**Assignment:**
Your answer must be an exact retyping of the line containing "Aerial-shot-of-the-Canadian-forest-in-summertime" and every line after it through the end of the records below, with no pictures and nothing else.

**Exercise material:**
-- Opening Marker --

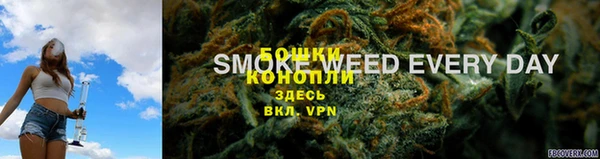 твердый Бородино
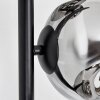 Ripoll Lampadaire Chrome, Fumé, 6 lumières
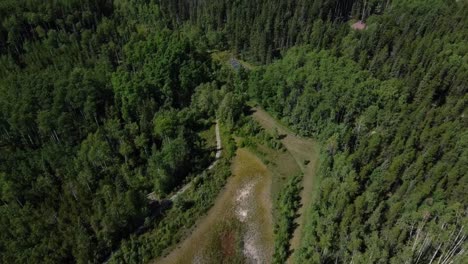 Aerial-shot-of-the-Canadian-forest-in-summertime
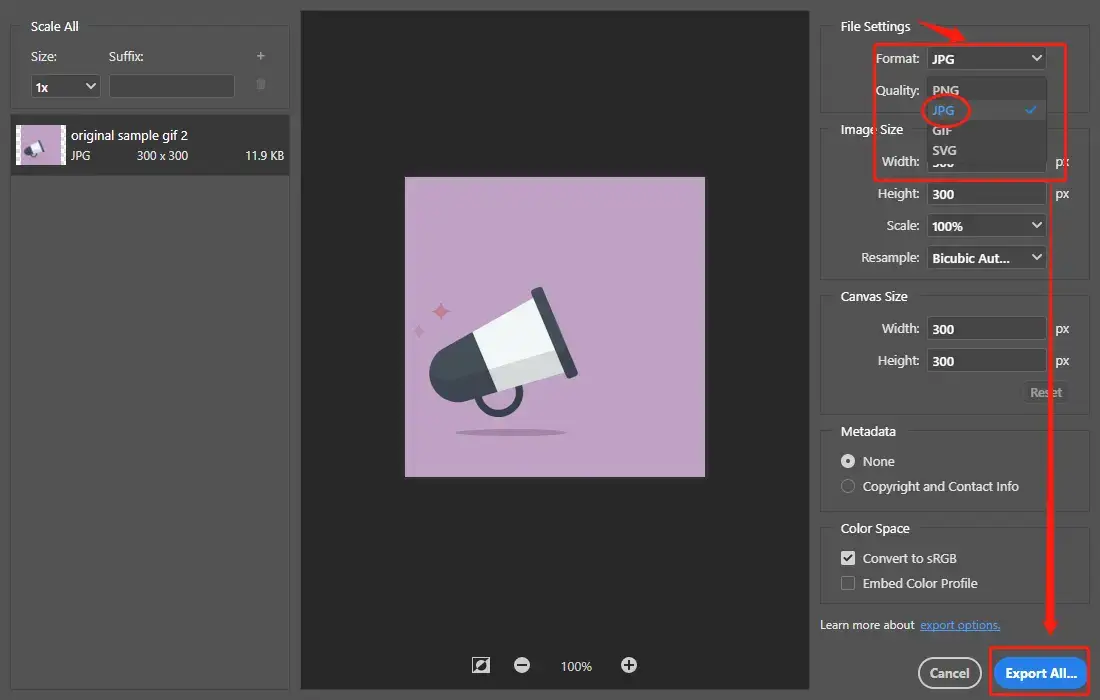 GIF to JPG: Learn the Most Efficient Ways to Change the GIF Format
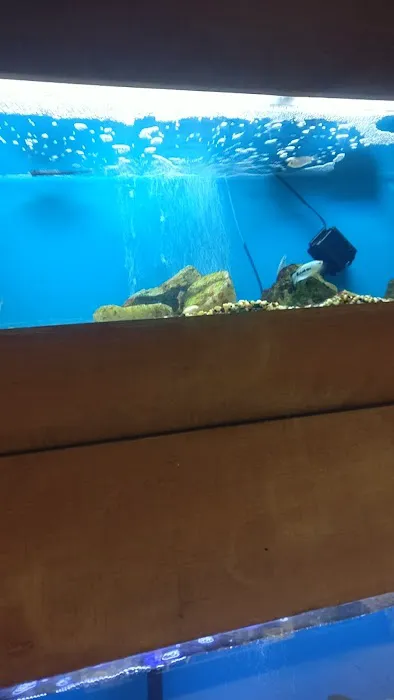 Pet World Warehouse Outlet Picture 7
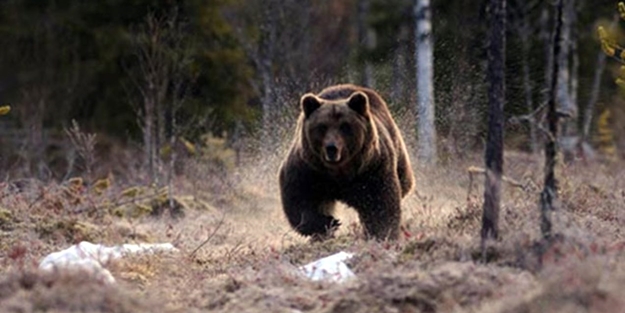 Hindistan'da ayı saldırısı! Ölüler ve yaralılar var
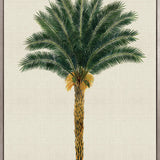 Kebaya Palm XII (Canvas)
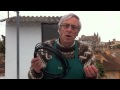 Video Tutorial Huerto Urbano. Paso 6. El riego.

-- Closing Marker --

**Task response:**
 Aerial-shot-of-the-Canadian-forest-in-summertime
 GIF to JPG: Learn the Most Efficient Ways to Change the GIF Format
 Pet World Warehouse Outlet Picture 7
 Hindistan'da ayı saldırısı! Ölüler ve yaralılar var
 Kebaya Palm XII (Canvas)
 Video Tutorial Huerto Urbano. Paso 6. El riego.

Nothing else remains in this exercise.